The Grand Ol' Party: More Old, Less Party, Hardly Grand

Straight from; 

  • It began in a little schoolhouse in Ripon, Wisconsin, in 1854. A small group of dedicated abolitionists gathered to fight the expansion of slavery, and they gave birth to a Party dedicated to freedom and equal opportunity.
  • The name “Republican” was chosen, alluding to Thomas Jefferson’s Democratic-Republican Party and conveying a commitment to the inalienable rights of life, liberty, and the pursuit of happiness.
  • Low taxes, sound money, regulatory restraint: these were among the commonsense economic policies established by the GOP that brought about decades of prosperity after the Civil War. 
  • The Party’s core principles of freedom and equal opportunity are as relevant today as at our founding, and they are the roadmap for American renewal in a new and interconnected world.

What went wrong?  How can a party of life do so little for the health and well being of its citizenry?  How can a party of liberty so openly oppose gay marriage?  How can a party that believes God gave all humans the right to pursue their happiness do so little to help immigrants doing just that?  

President Reagan rightly criticized the Democratic vision for governing America saying; 

“Two visions of the future, two fundamentally different ways of governing – their government of pessimism, fear, and limits, or ours of hope, confidence, and growth.”

When we speak of health care we speak with pessimism and fear, not hope and confidence. 

When we speak of 'the family' we speak with fear and limits, not confidence and liberty. 

When we speak of immigration we speak with pessimism, fear and limits, not hope and growth.

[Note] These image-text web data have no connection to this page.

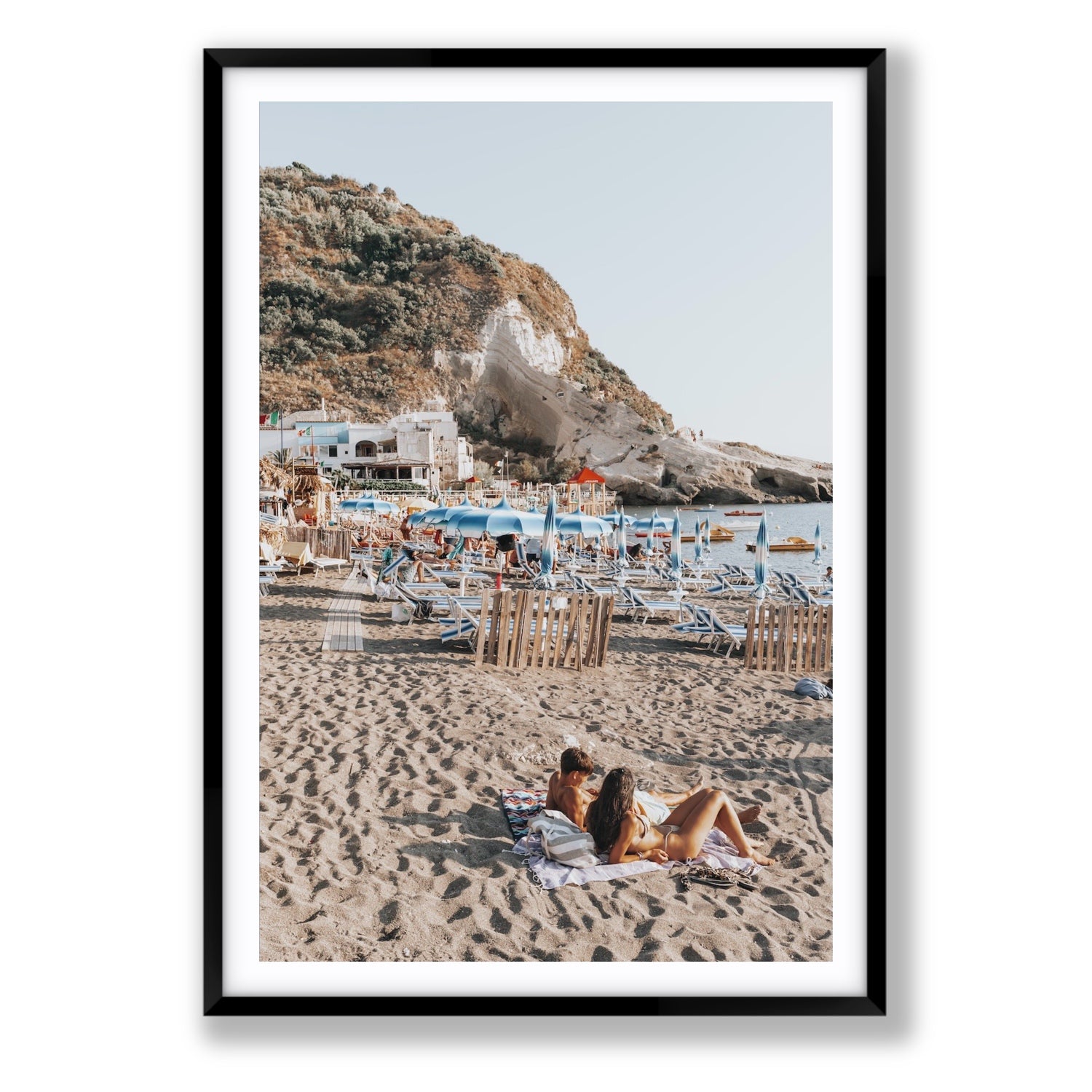 Beach Buddies fine art print, Ischia, Italy, Statement, Black Frame · Matboard, Fine Art Print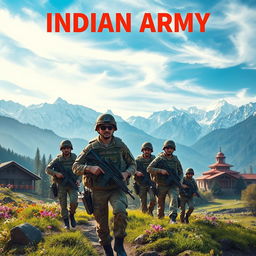 A dramatic poster showcasing the Indian Army in the picturesque Kashmir Valley, featuring soldiers in tactical gear navigating through stunning snow-capped mountains and lush green landscapes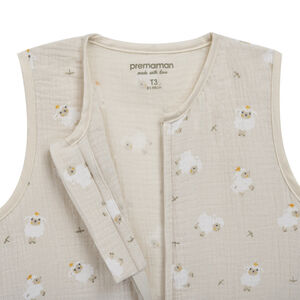 Saquito de dormir TOG 0.5 en gasa de algodón estampada de ovejas 18-36M La Vida en el Campo beige 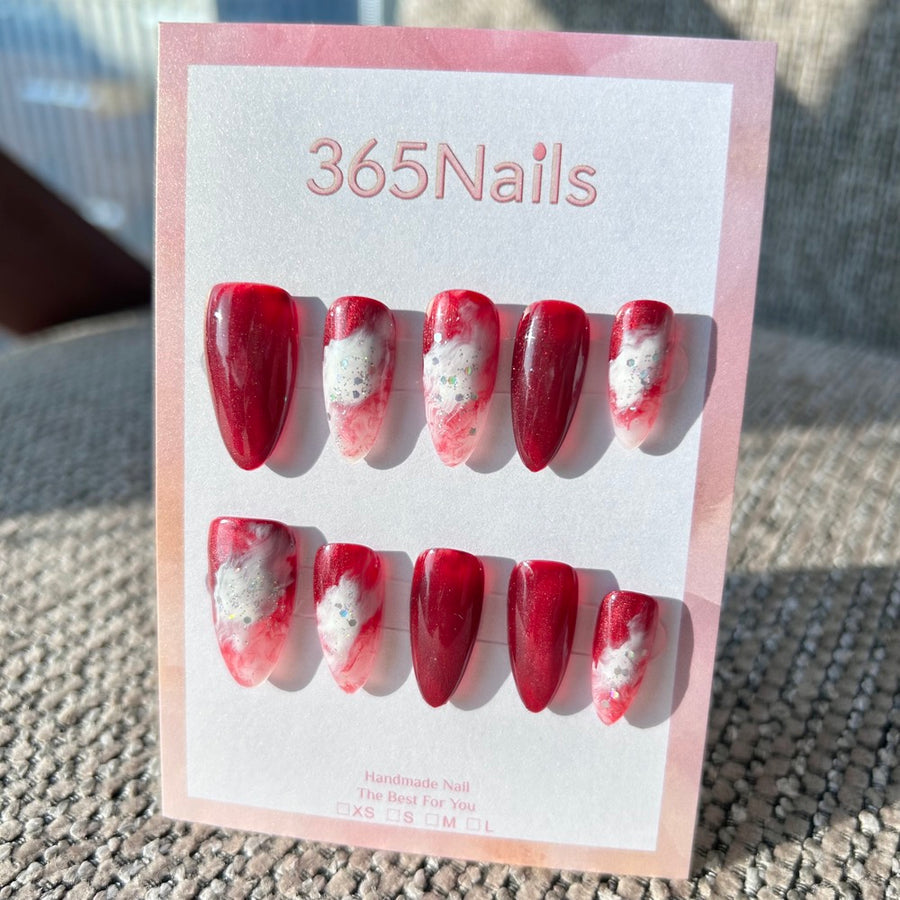 Snow Top Red Velvet & Tipsy Mulled Wine Vintage Burgundy White Marble Nails ｜ Handmade Smudge Series(moq=30)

Let's change the dialogue.  

When we speak of health care let us make clear it is not a right but it is the right thing to do - differently.  In a way that breeds competition and innovation and better results for healthier lives.

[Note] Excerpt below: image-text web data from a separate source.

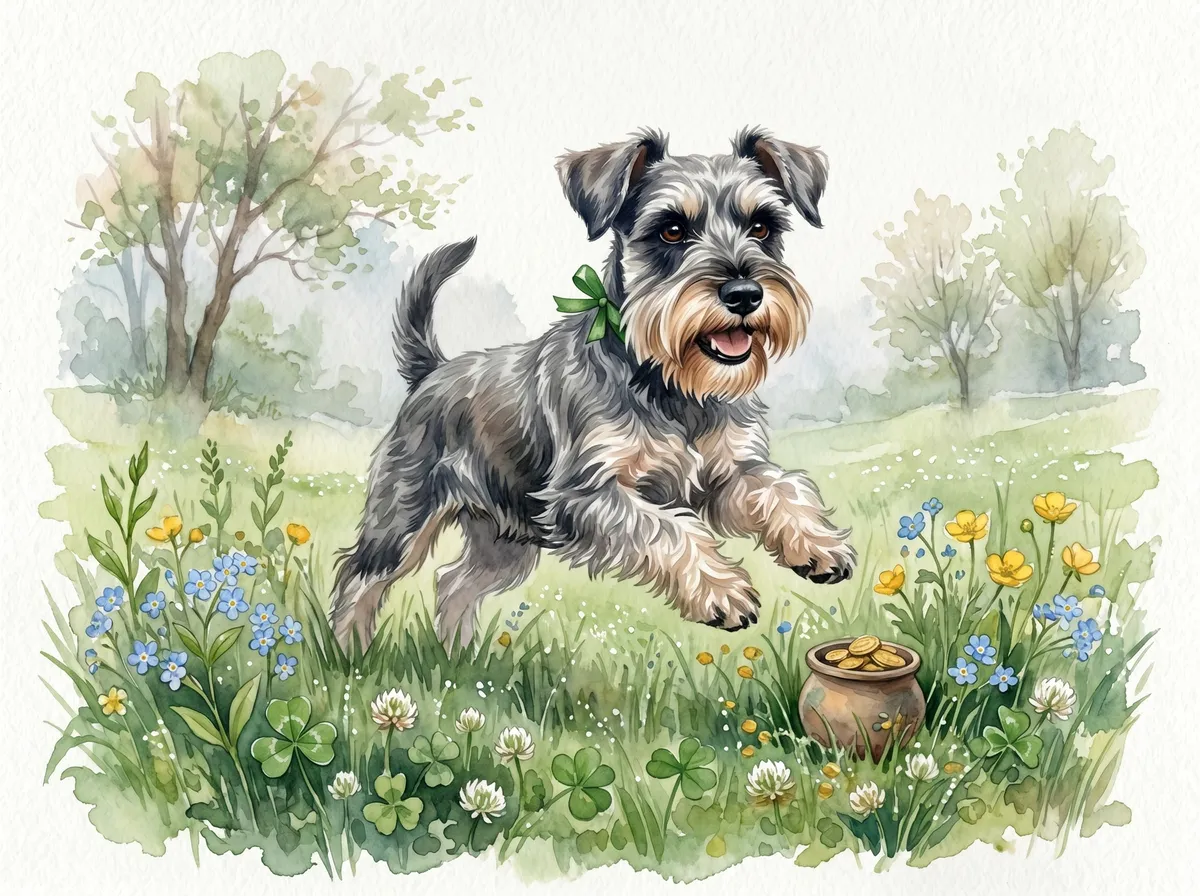 Miniature Schnauzer watercolor calendar month 3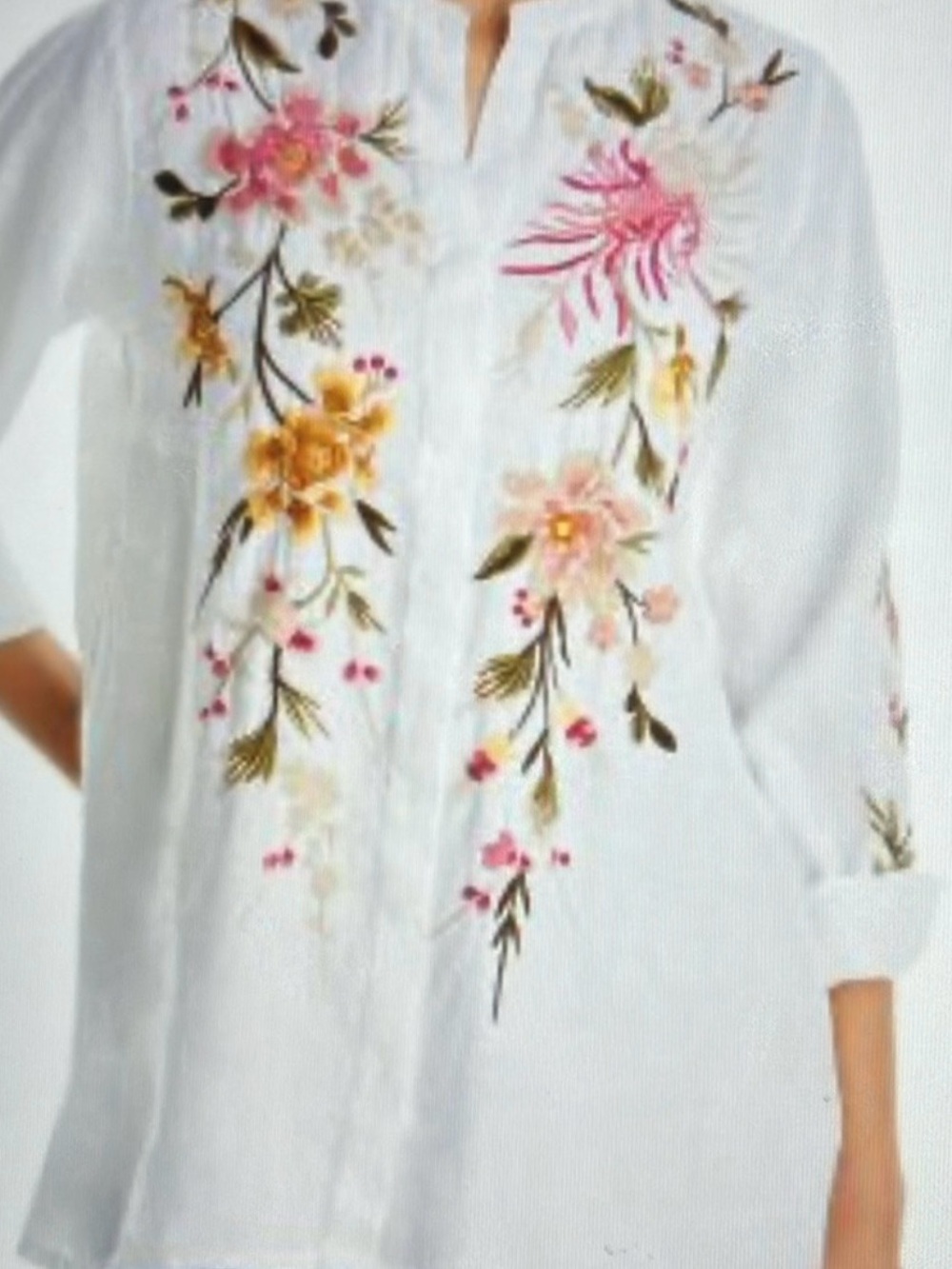 Johnny Was White Embroidered Floral Tunic with Pink Accents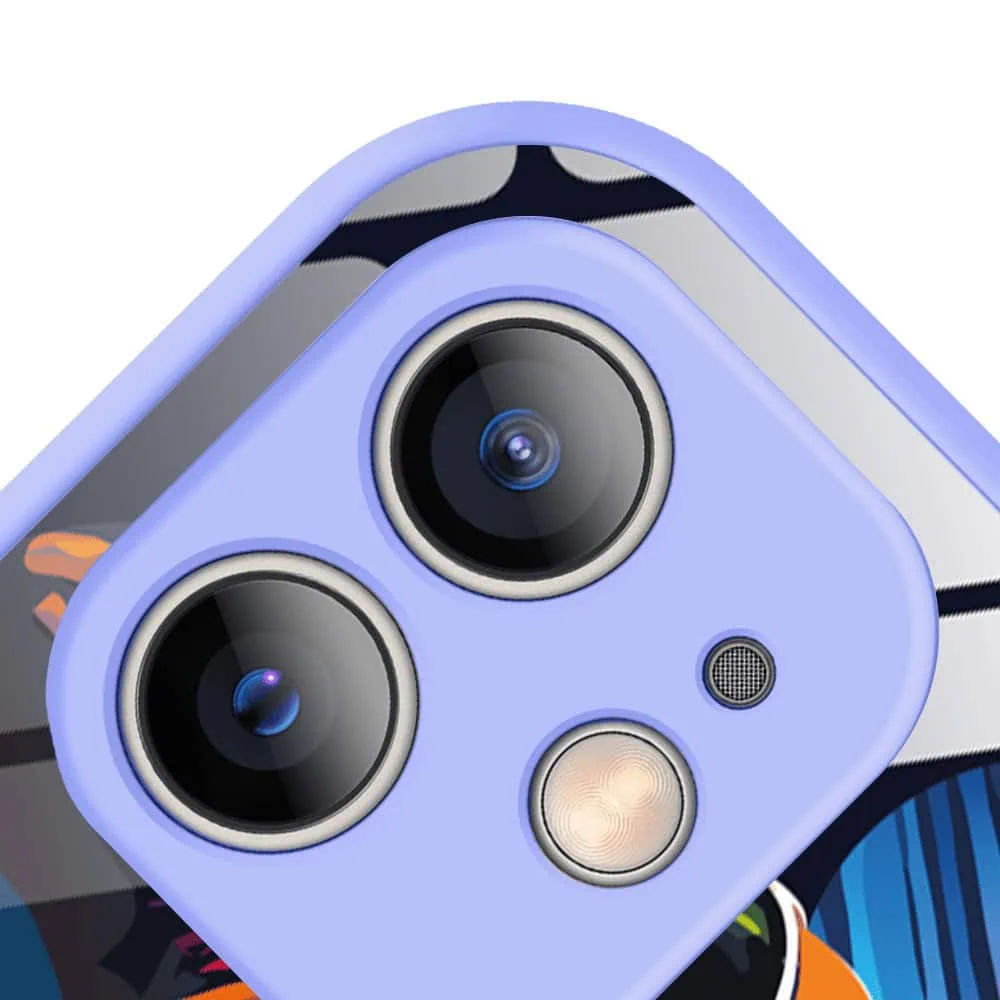 Etui do iPhone 12, szklany tył, osłona kamery, Kosmiczny podróżnik, fioletowe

When we speak of marriage and family let us be clear the state's interest in the peoples domestic arrangements is limited to protecting individual rights and protecting the state.  Gay marriage is neither a threat to individual rights or the state.  Whether the union is blessed and holy is justly outside of state purview.

When we speak of immigration and amnesty let us ask forgiveness.  We left the door open.  We left food on the table.  We let those seeking shelter, find it.  That is right and moral and American.  To condemn the sheltered to a life in the shadows is a sin.  To speak now of deportation is sinful.  We created the problem by not being proactive to ask the immigrant to carry the burden of our mistake is wrong and un-American.

When we speak of America's role in the world, that is when we speak with hope and confidence - and we win on that issue. 

When we speak on simplifying the tax code, lowering taxes and reducing debt we speak with confidence and hope of growth - and we win on that issue. 

When we speak of limited government we speak with hope and confidence and liberty - and we win on that issue. 

We need to change the dialogue.  We are losing followers because we are no longer leading.